AUKUS Pillar II is the advanced capabilities track of the trilateral security partnership among Australia, the United Kingdom, and the United States, established in September 2021. While Pillar I focuses on nuclear-powered submarine acquisition for Australia, Pillar II funds joint development of advanced military technologies including autonomous systems, artificial intelligence, quantum computing, and electronic warfare. On May 30, 2026, the three nations announced the first Pillar II Signature Project: developing shared payloads and enabling systems for uncrewed undersea vehicles, with first capabilities expected in service by 2027. The project is designed to enable AUKUS partners to protect critical seabed infrastructure and conduct surveillance, strike, and anti-submarine operations using combined autonomous and manned undersea platforms.
How does manned-unmanned teaming work underwater, and why is it technically harder than aerial teaming?
Manned-unmanned teaming in the undersea domain pairs autonomous vehicles — which conduct long-endurance survey, reconnaissance, or sensor collection missions — with nearby manned platforms that provide recovery, retasking, and precision intervention capability. The fundamental engineering constraint that makes it harder underwater than in the air is communications bandwidth: radio frequency signals cannot penetrate seawater, so underwater communication relies on acoustic modems operating at kilobits per second rather than megabits or gigabits. This limits how quickly operators can retask an autonomous vehicle or receive its data, and caps the practical range at which real-time human oversight is possible. DRASS compact submarines address part of this problem by forward-deploying human operators into the same patrol zone as the autonomous vehicles, keeping the acoustic link short and practical.
What does Kongsberg bring to this partnership, and what does DRASS contribute?
Kongsberg contributes its HUGIN autonomous underwater vehicle platform — including the HUGIN Superior, which carries HISAS 1032 synthetic aperture sonar, operates to 6,000 meters depth, and sustains missions of up to 72 hours — along with navigation systems, sonar expertise, and systems integration experience built across more than three decades of defense AUV programs deployed across NATO navies. DRASS contributes compact submarines capable of carrying and deploying up to three AUVs, swimmer delivery vehicles for special forces operations, and saturation diving systems that allow human operators to work at depth for extended periods. Together, the two companies are developing jointly designed payloads and integration architectures that allow DRASS submarines to act as forward-deployed mother ships for Kongsberg AUVs in contested littoral and deep-water environments.

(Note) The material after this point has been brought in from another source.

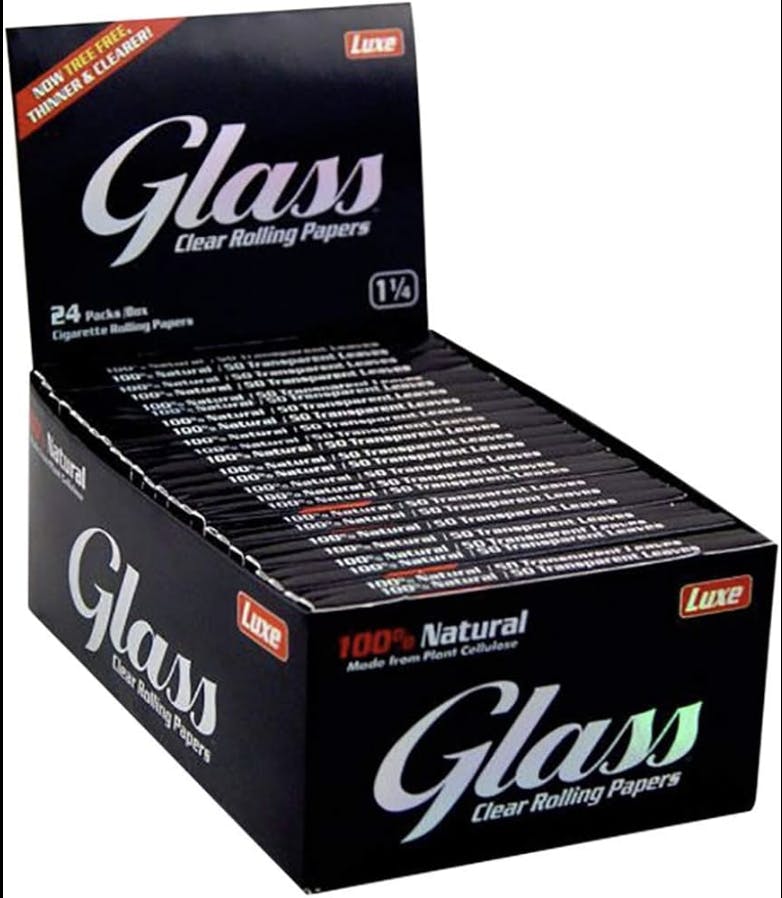 Glass | Plant Cellulose | Clear Rolling Papers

Why does the undersea domain matter so much to NATO right now?
The sabotage of the Nord Stream pipelines in September 2022 and subsequent damage to communications cables in the Baltic Sea demonstrated that undersea infrastructure — pipelines, data cables, and power interconnects — is both strategically critical and largely undefended against sustained hostile action. NATO established its Maritime Centre for Security of Critical Underwater Infrastructure in response, and the AUKUS Pillar II Signature Project announced in May 2026 explicitly names critical seabed infrastructure protection as a primary mission. With more than a dozen submarine communications cables carrying the majority of intercontinental internet traffic, and with adversary states demonstrating both the willingness and capability to attack undersea infrastructure, NATO navies have made persistent, manned-unmanned patrol of key seabed corridors a near-term operational requirement.